**What you will do:** When you transcribe the listing, keep each line exact and drop the pictures.

**Dataset section:**
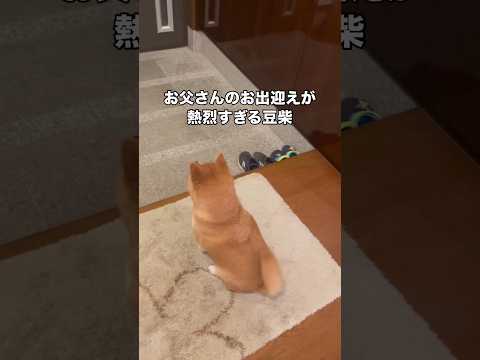 お父さんが帰ってきた気配を察知してドアの前で待機し熱烈にお出迎えする豆柴 柴犬 柴犬のいる暮らし 豆柴 shorts サムネイル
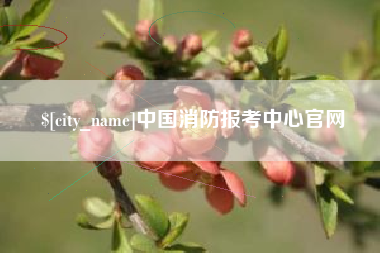 营口中国消防报考中心官网
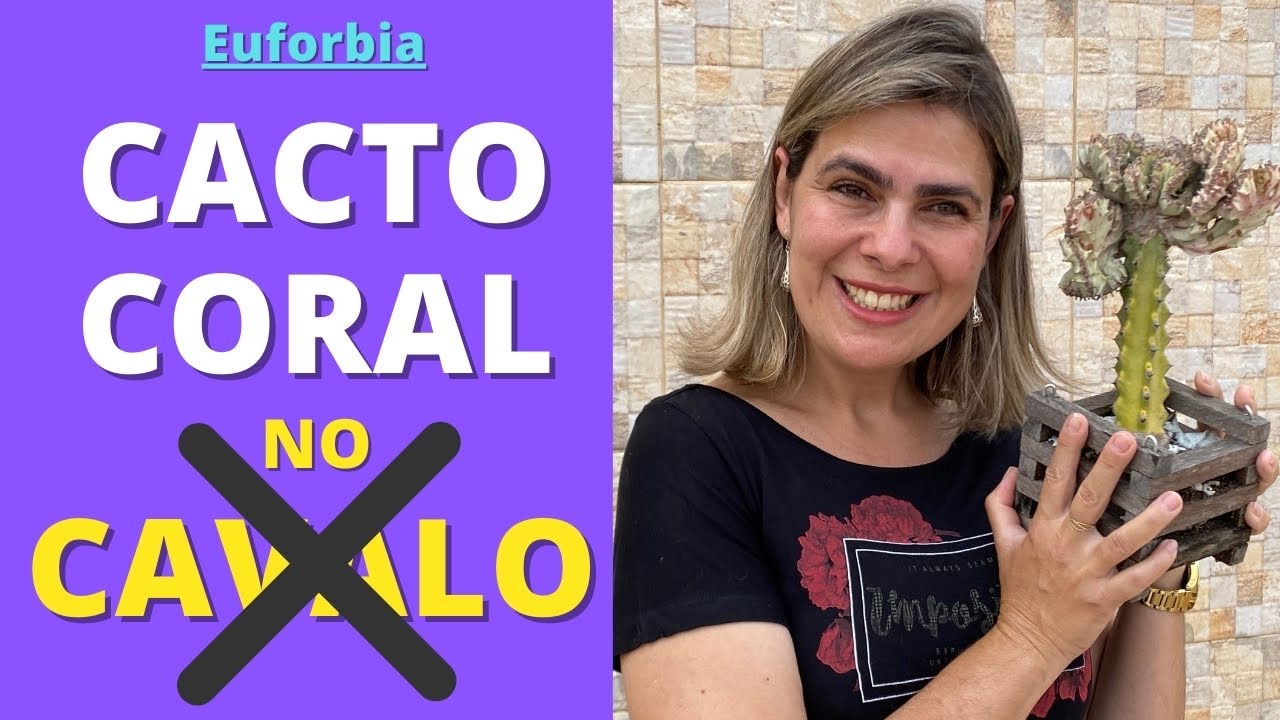 Cacto Coral: TÉCNICA para remover do Cavalo e FAZER MUDAS/Grazi Bittencourt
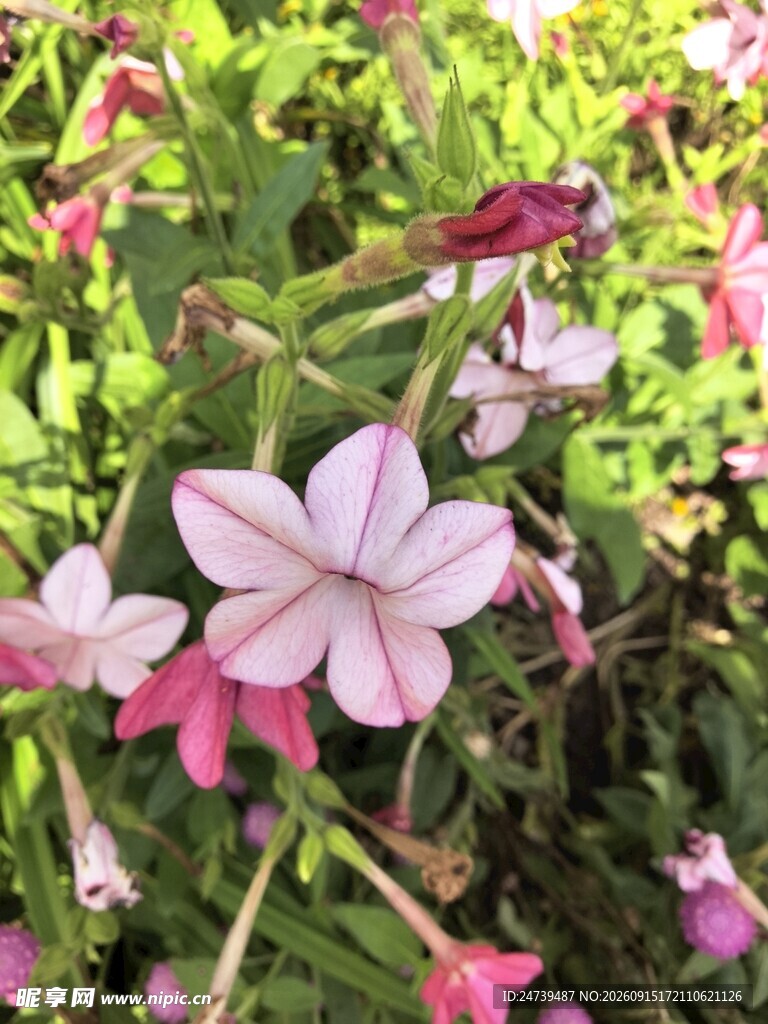 花烟草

**Answer to the problem:**
 お父さんが帰ってきた気配を察知してドアの前で待機し熱烈にお出迎えする豆柴 柴犬 柴犬のいる暮らし 豆柴 shorts サムネイル
 营口中国消防报考中心官网
 Cacto Coral: TÉCNICA para remover do Cavalo e FAZER MUDAS/Grazi Bittencourt
 花烟草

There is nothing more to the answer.